Speaking at the 2026 Kwahu Business Forum in Mpraeso on Saturday, the President acknowledged growing anxiety over the ongoing conflict involving the United States, Israel, and Iran—a situation that has driven up global crude oil prices and led to sharp increases at the local pump.
“As we have always said, shocks will come and you cannot always predict these external events. However, you must build an economy that is resilient enough to withstand them,” President Mahama told participants.
“I know Iran and Israel are fighting, but so far, our economy has shown remarkable resilience,” he said, adding: “We have six months of export cover and six weeks of petroleum stocks, so there is no danger of us running out of petroleum products. Even as we utilise the reserve stock, we are simultaneously replenishing it.”
Emergency Cabinet Meeting
The President disclosed that he has convened an emergency Cabinet meeting to assess the impact of the global situation on domestic fuel prices and to consider measures to cushion consumers.
“I have called for this emergency cabinet meeting to decide on specific measures we can take to cushion petroleum prices while we hope the conflict comes to an end,” President Mahama stated.
“There are adjustments we can make, particularly in the margins, to help maintain relatively stable prices as we pray for the war to cease.
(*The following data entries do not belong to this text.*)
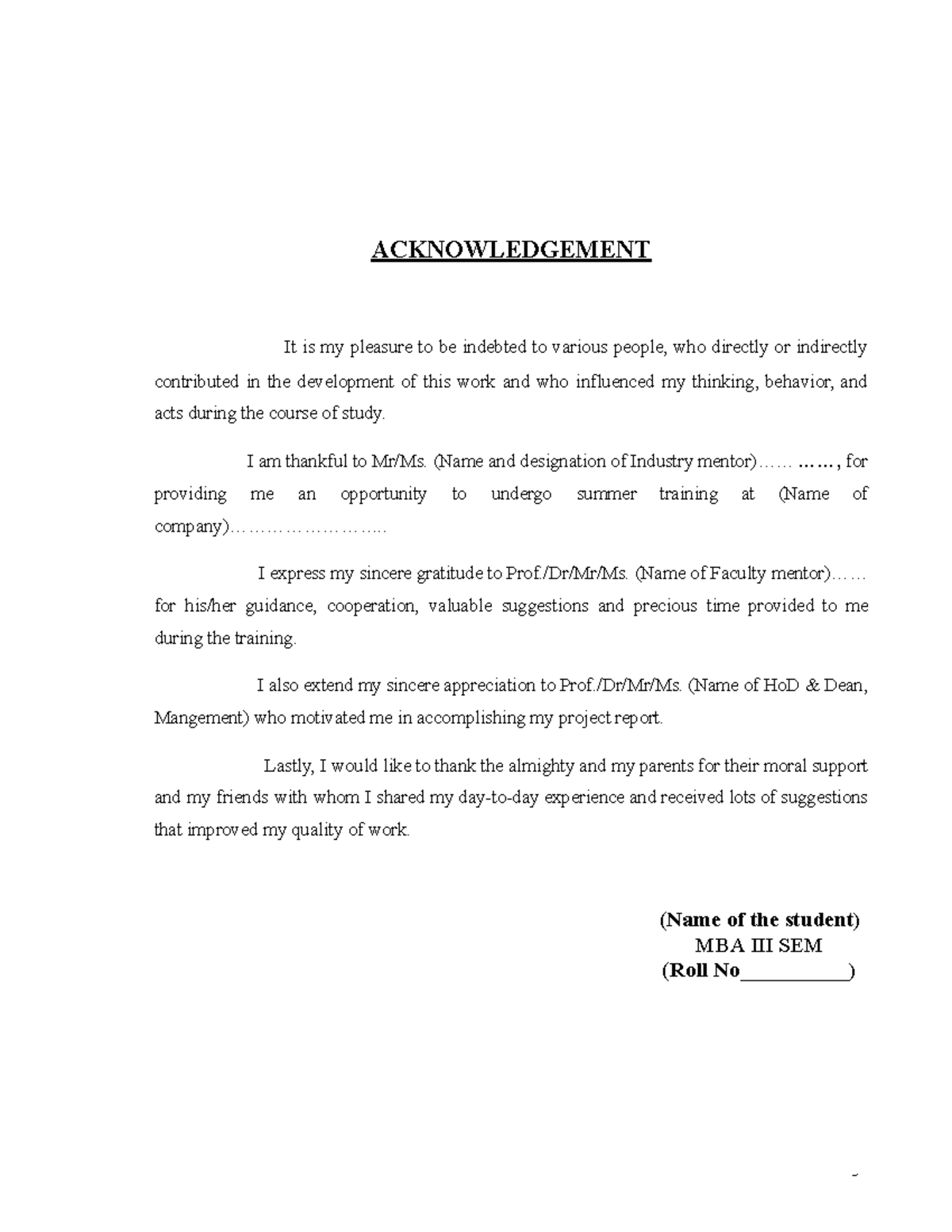 Invertis mba internship - ACKNOWLEDGEMENT It is my pleasure to be ...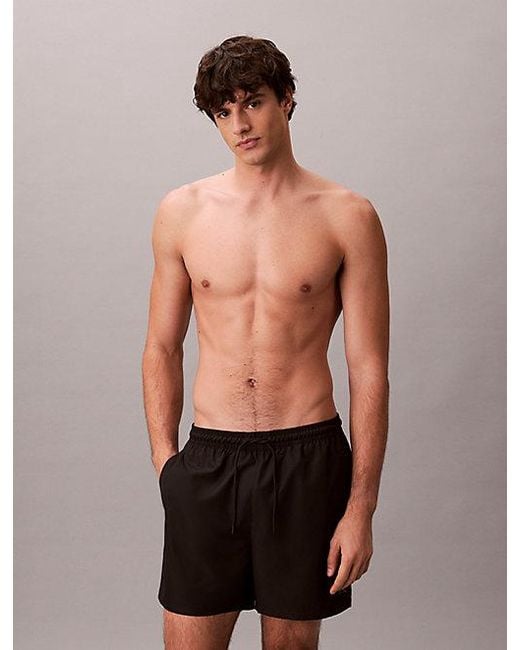 Calvin Klein Black Medium Drawstring Swim Shorts Ck Monogram for men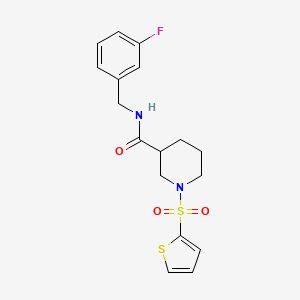 molecular formula C17H19FN2O3S2 B4507330 N-(3-氟苄基)-1-(2-噻吩磺酰基)-3-哌啶甲酰胺 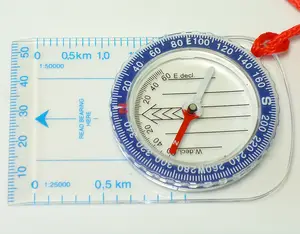 Jogging Training Compass 47-4、Outdoor Sports ShoesとBags Accessory Compass Transparent Plate Map Compass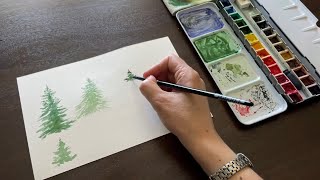 Painting Watercolor Pine Trees [upl. by Leddy]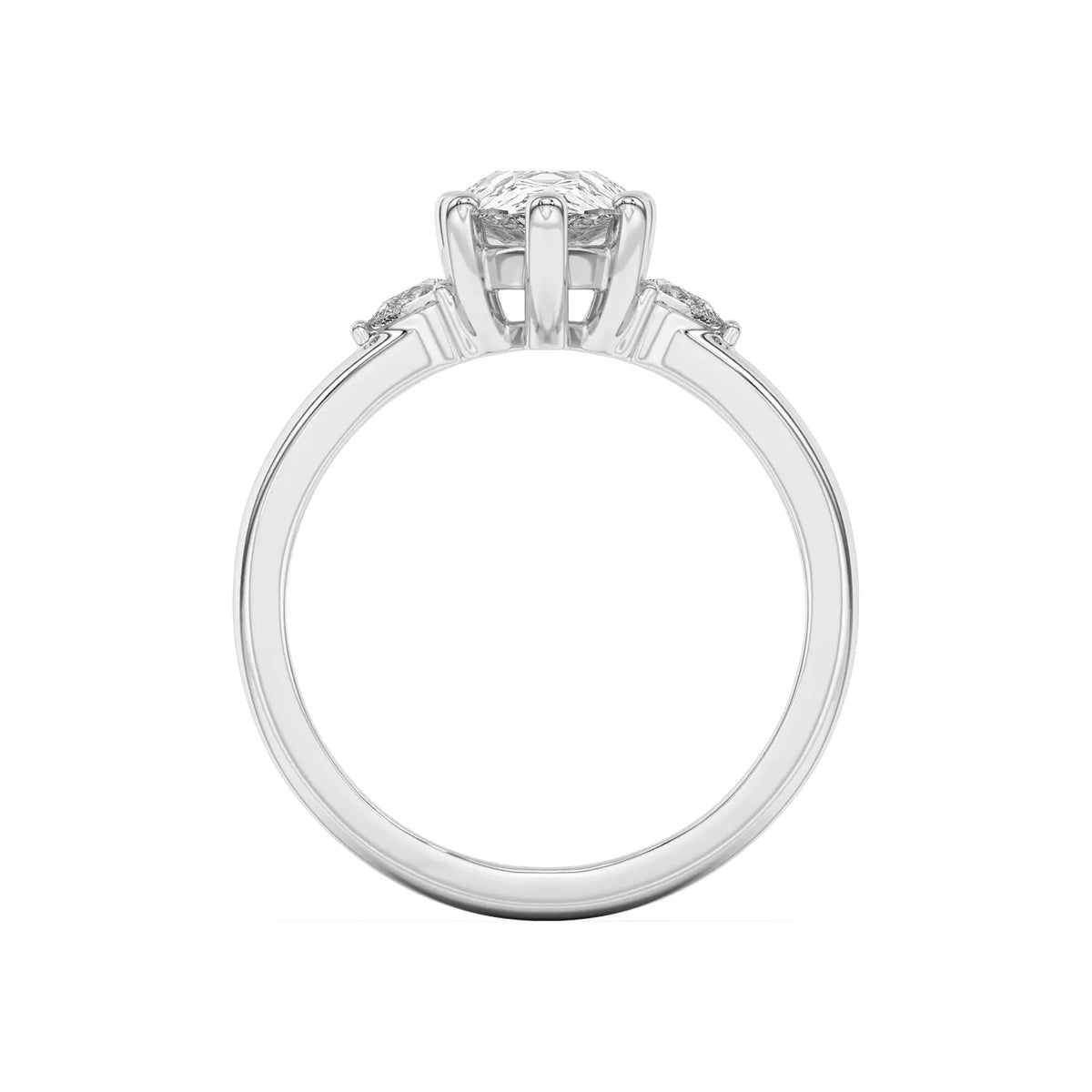 Meredith Pear Accent Three-Stone Lab-Grown Diamond & Moissanite Engagement Ring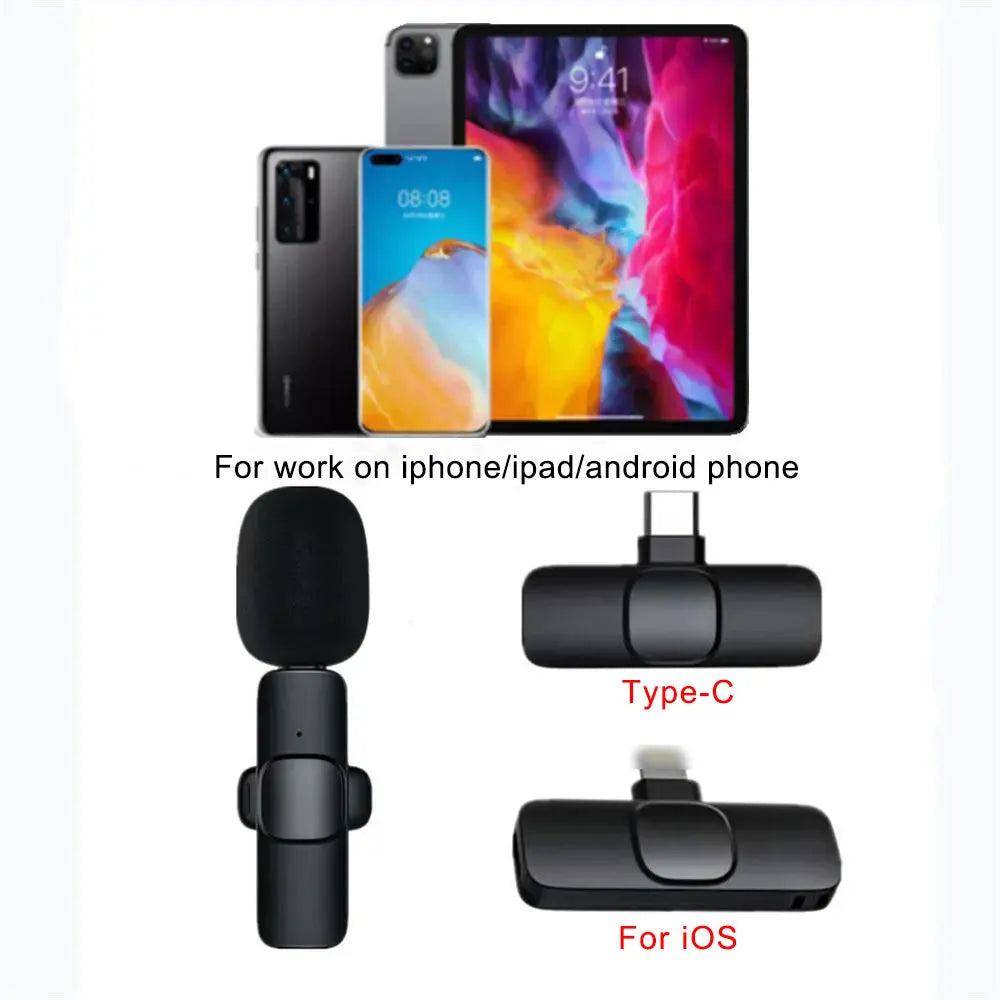 Wireless Lavalier Microphone – Mini Portable Mic for Android/iPhone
The government remains fully committed to easing the burden on citizens.”
Sharp Rise in Fuel Prices
His assurance follows a steep hike in fuel prices since April 1, 2026. Data from the National Petroleum Authority (NPA) shows that petrol prices have risen by about 15 percent to approximately GH¢13.30 per litre, while diesel has jumped by nearly 19 percent to around GH¢17.10 per litre for the April 1–15 pricing window.
The increases—among the steepest in recent months—are driven largely by global supply disruptions and rising crude oil prices. While the relative stability of the cedi has helped moderate the impact, there are mounting concerns over potential knock-on effects on transport fares and inflation.
Economy Will Not Collapse
Dismissing fears that the external shock could destabilise Ghana’s economic outlook, President Mahama expressed confidence in the economy’s resilience.
“I can confidently tell you that the economy will not collapse because of the war in Iran,” he emphasised.
Government sources indicate that policy options under review include adjustments to fuel margins and levies, as part of efforts to mitigate the impact on households and businesses.